Source data:
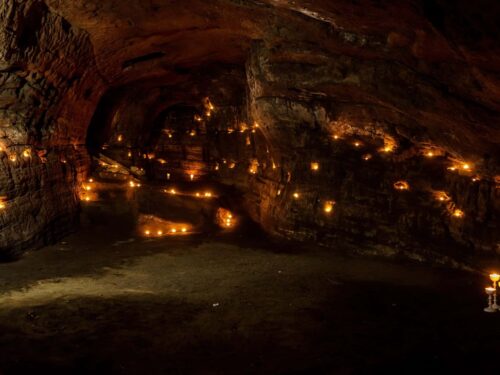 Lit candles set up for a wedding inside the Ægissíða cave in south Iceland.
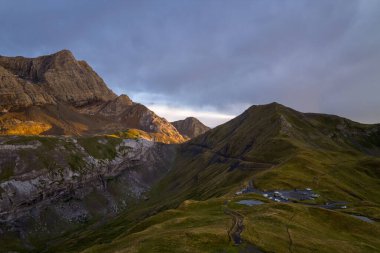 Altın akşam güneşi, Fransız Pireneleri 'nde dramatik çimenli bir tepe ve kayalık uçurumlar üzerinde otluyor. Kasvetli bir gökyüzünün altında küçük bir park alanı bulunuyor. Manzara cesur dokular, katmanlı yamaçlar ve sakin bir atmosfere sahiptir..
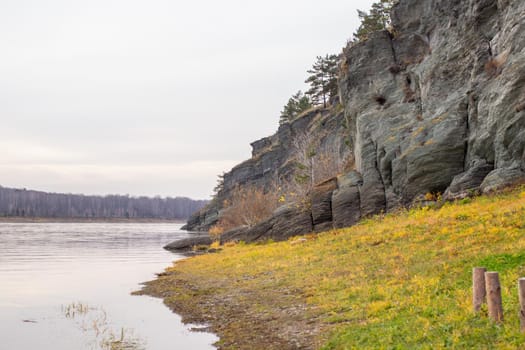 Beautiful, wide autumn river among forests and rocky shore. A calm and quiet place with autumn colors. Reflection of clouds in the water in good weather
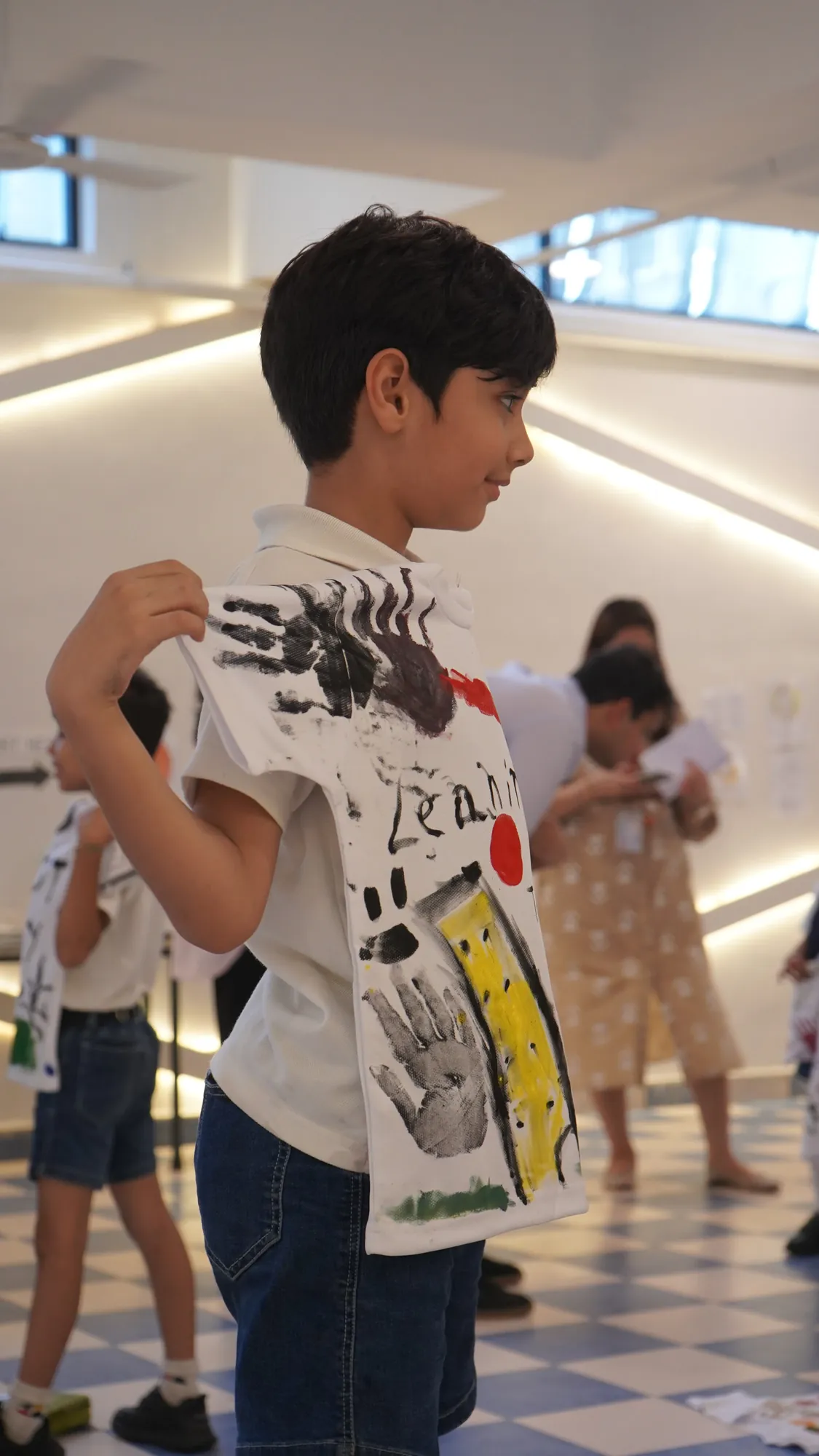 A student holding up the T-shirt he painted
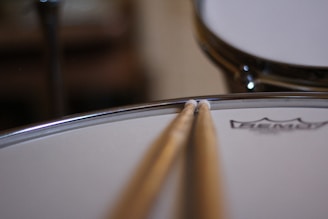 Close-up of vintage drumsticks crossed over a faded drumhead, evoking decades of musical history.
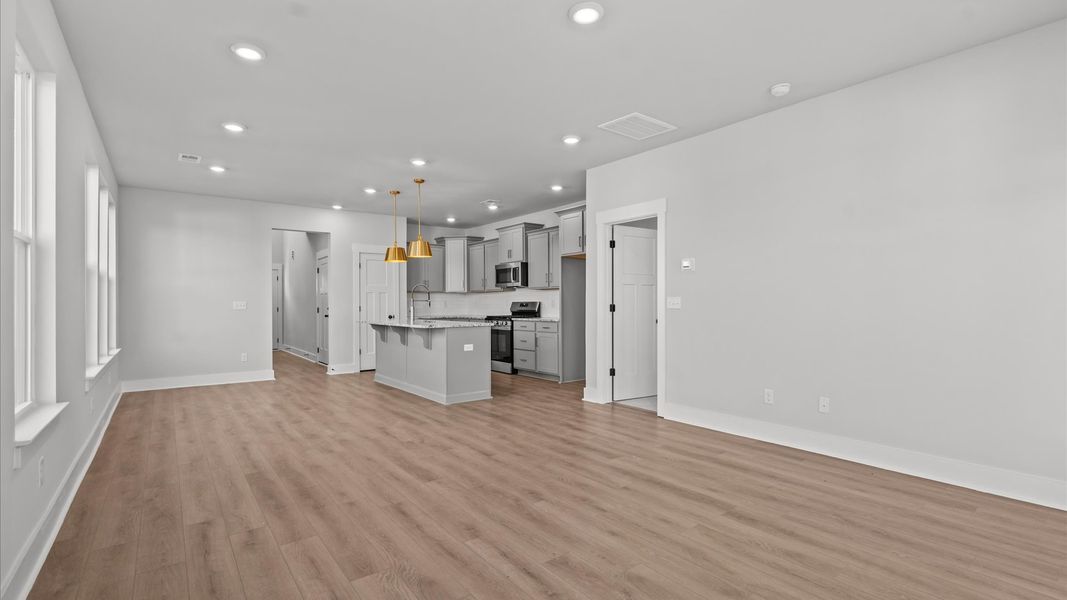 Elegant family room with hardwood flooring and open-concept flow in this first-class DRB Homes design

Task directions: With the pictures omitted, reproduce the records in full and exactly.

Output for this task:
 Lit candles set up for a wedding inside the Ægissíða cave in south Iceland.
 Altın akşam güneşi, Fransız Pireneleri 'nde dramatik çimenli bir tepe ve kayalık uçurumlar üzerinde otluyor. Kasvetli bir gökyüzünün altında küçük bir park alanı bulunuyor. Manzara cesur dokular, katmanlı yamaçlar ve sakin bir atmosfere sahiptir..
 Beautiful, wide autumn river among forests and rocky shore. A calm and quiet place with autumn colors. Reflection of clouds in the water in good weather
 A student holding up the T-shirt he painted
 Close-up of vintage drumsticks crossed over a faded drumhead, evoking decades of musical history.
 Elegant family room with hardwood flooring and open-concept flow in this first-class DRB Homes design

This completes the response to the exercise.